Neo4j

andres_tellog · ‎09-20-2021

Dear community, I want to ask for your help to understand something.
I am using the function apoc.path.subgraphAll to get the subgraph containing 2 hops from the source node in any direction and with any relationship type. This function has the parameter bfs to select the way to traverse the graph, Breadth or Depth first search. I assumed the results would be the same with any of those parameters, just the calculation time would be different. However using BFS I get more results than using DFS, is that correct? Do am I doing something wrong?

Here is my code:

MATCH (concept:Concept) 
WHERE concept.id in ['/c/en/sweeping']  
CALL apoc.path.subgraphAll(concept, { 
    relationshipFilter: null, 
    minLevel: 0, 
    maxLevel: 2, 
    bfs: true }) 
YIELD nodes, relationships 
RETURN nodes, relationships;

I attach some images so you can see the difference in the results

I would really appreciate your help.

Best regards,
Andrés

andrew_bowman · ‎09-24-2021

Hi Andres, but unfortunately this is not true: "At the end the same set of nodes will be visited in both cases."
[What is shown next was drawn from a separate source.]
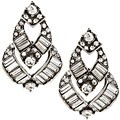Sweet Romance Silvertone Clear Crystal 1930's Earrings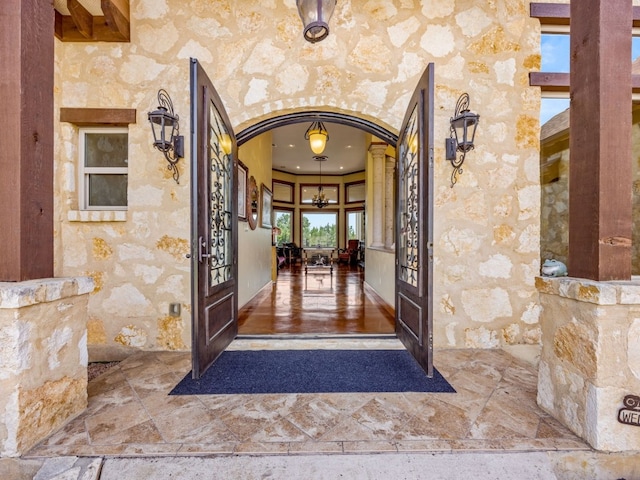 property entrance with french doors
The reason for this is that we're using NODE_GLOBAL uniqueness in the procedure, meaning that once a node has been visited once, it won't be visited again. This is useful when we want to prevent redundant processing/visiting of the same nodes, but it will conflict with DFS expansion.

When we use BFS, we encounter nodes at the earliest possible point we could possibly encounter them. Meaning that if some connected node (let's call it x) is reachable at both 1 and 2 hops from your starting node, BFS will encounter node x at the first hop, and then it can look beyond it to connected nodes at the second hop. Because of NODE_GLOBAL uniqueness, even though node x is ALSO reachable at 2 hops, that path won't be processed. But it doesn't need to be. The proc is meant to find reachable nodes, it doesn't need to know or process all possible paths to them. Once those reachable nodes are found, only then does it find all relationships between those nodes.

But if you're using DFS, it might (by chance) expand the path where node x is encountered at 2 hops away first. When it eventually gets to the path where it would have encountered node x at 1 hop away, it will not process that path, because node x has already been visited. This means that although there are additional nodes at 2-hop distance from the starting node (and 1 hop from node x) they will not be visited because node x was first visited at a 2-hop distance, and your proc is configured with a maxLevel of 2.

So the order of expansion/visitation matters in DFS. If something changes in the planner such that a different order of expansion occurs, then your results could differ. It's best to use BFS for more reliable and deterministic results.

View solution in original post

ameyasoft · ‎09-21-2021

Check this link for nicer explanation.
https://www.techiedelight.com/depth-first-search-dfs-vs-breadth-first-search-bfs/

andres_tellog · ‎09-22-2021

@ameyasoft, thank you very much for your reply. Nice explanation indeed. However, my question is why the same function apoc.path.subgraphAll running over the same data give different results just by changing the way I traverse the graph?

Shouldn't both DFS and BFS give the same results (same nodes and relationships) starting from a particular node up to 2 hops? Just the order of how the nodes in the subgraph are traversed is what changes. At the end the same set of nodes will be visited in both cases.

andrew_bowman · ‎09-24-2021

Hi Andres, but unfortunately this is not true: "At the end the same set of nodes will be visited in both cases."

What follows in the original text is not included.